Singapore’s First Published Employment Claims Tribunals Decisions Provide Guidance on Employment Claims

July 15, 2026

The first five recently published decisions of Singapore’s Employment Claims Tribunals (ECT) provide important early guidance for parties to employment disputes. They address a range of issues from wrongful dismissal, overtime pay, retrenchment benefits, and discretionary compensation to commission disputes, limitation periods for ECT claims, and retirement and re-employment obligations.

Singapore’s ECT have begun publishing selected written decisions, marking an important development for employers and employees navigating employment claims. The first ECT decision, JGP v JGQ [2026] SGECT 1, published on 15 May 2026, was soon followed by four further decisions: JHU v JHV [2026] SGECT 2 (published on 1 July 2026), JIF v JIG [2026] SGECT 3 (also published on 1 July 2026), JIQ v JIR [2026] SGECT 4 (published on 10 July 2026) and JIS v JIT [2026] SGECT 5 (published on 13 July 2026).

The publication of ECT judgments marks an important development in the Singapore employment law landscape. ECT proceedings, which are conducted in private by default, have historically been relatively opaque compared with civil court litigation. The Singapore Ministry of Manpower (MOM) stated in September 2025 that the courts had determined that ECT judgments need not be published by default, but that selected judgments would be published because a considerable body of ECT case law had developed since the ECT’s establishment in 2017. The publication exercise with anonymized parties’ names is intended to improve awareness of legal rights and responsibilities in employment relationships while preserving the confidential nature of ECT proceedings.
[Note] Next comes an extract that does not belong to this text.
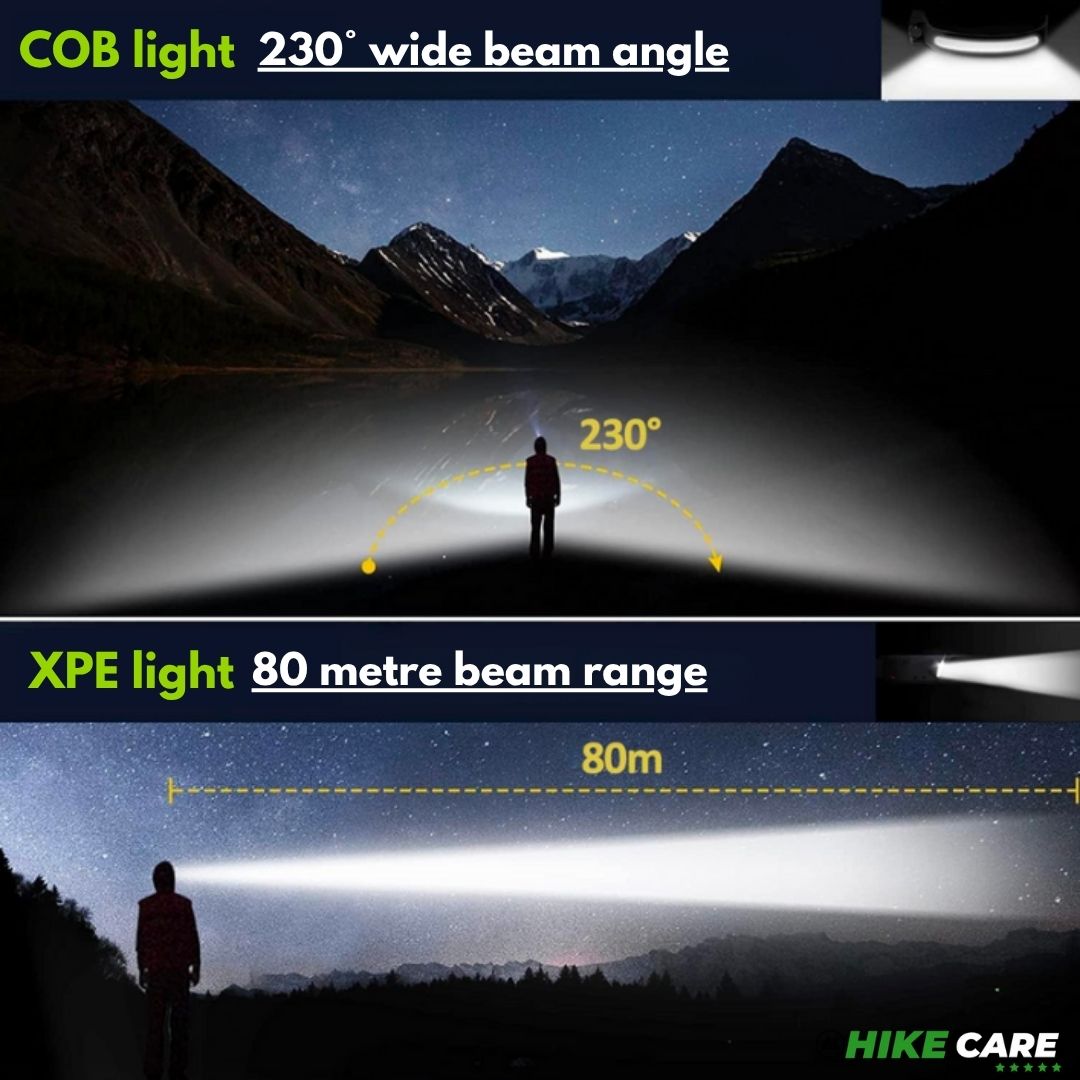 PROFI 350 - 2 IN 1 LED headlamp - The original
THE PUBLISHED ECT DECISIONS

In JGP v JGQ, the ECT considered a statutory wrongful dismissal claim arising from alleged misconduct, as well as a claim for a discretionary performance bonus.
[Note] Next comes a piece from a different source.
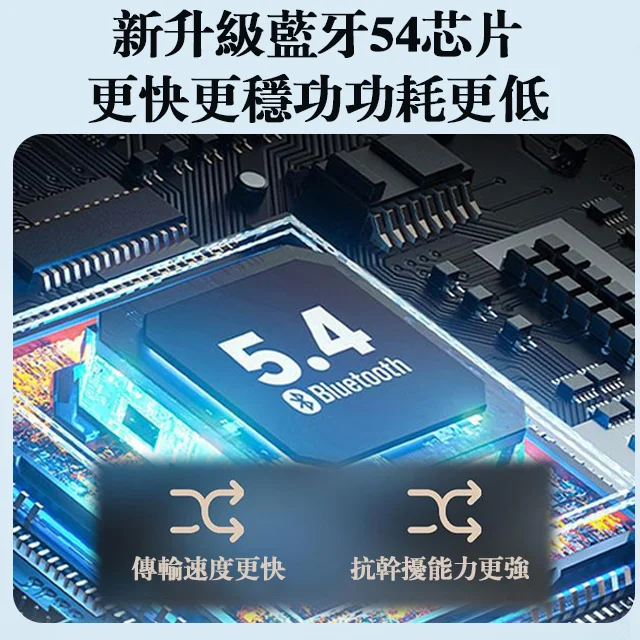 Tiktok 爆款【聲卡耳機一體機】無線聲卡修音耳機  3600小時 超長待機續航 所有手機都可以用 全新藍牙5.4 聲卡級音質輸出 188D立體環繞音質 K歌 直播 耳返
  • The wrongful dismissal claim succeeded because, while the employer met the standard of “due inquiry” required under section 14(1) of the Employment Act 1968 (the Act), the employer did not prove the mental element of the alleged misconduct (namely, dishonesty, recklessness, or wilful blindness) and thus failed to prove “just cause or excuse” for dismissal under section 14(2) of the Act. The employee was awarded compensation for “loss of income” (reflecting the proven post-notice earnings shortfall causally attributable to the dismissal) and for “harm” (starting from the conventional base of two months and applying a one-month reduction to reflect the employee’s negligent contribution).
  • The bonus claim failed because the employee did not show an accrued contractual entitlement or that the exercise of bonus discretion by the employer was in bad faith or for an improper purpose. The tribunal noted that a finding of dismissal without just cause or excuse does not, by itself, translate into a right to a performance bonus for the preceding year.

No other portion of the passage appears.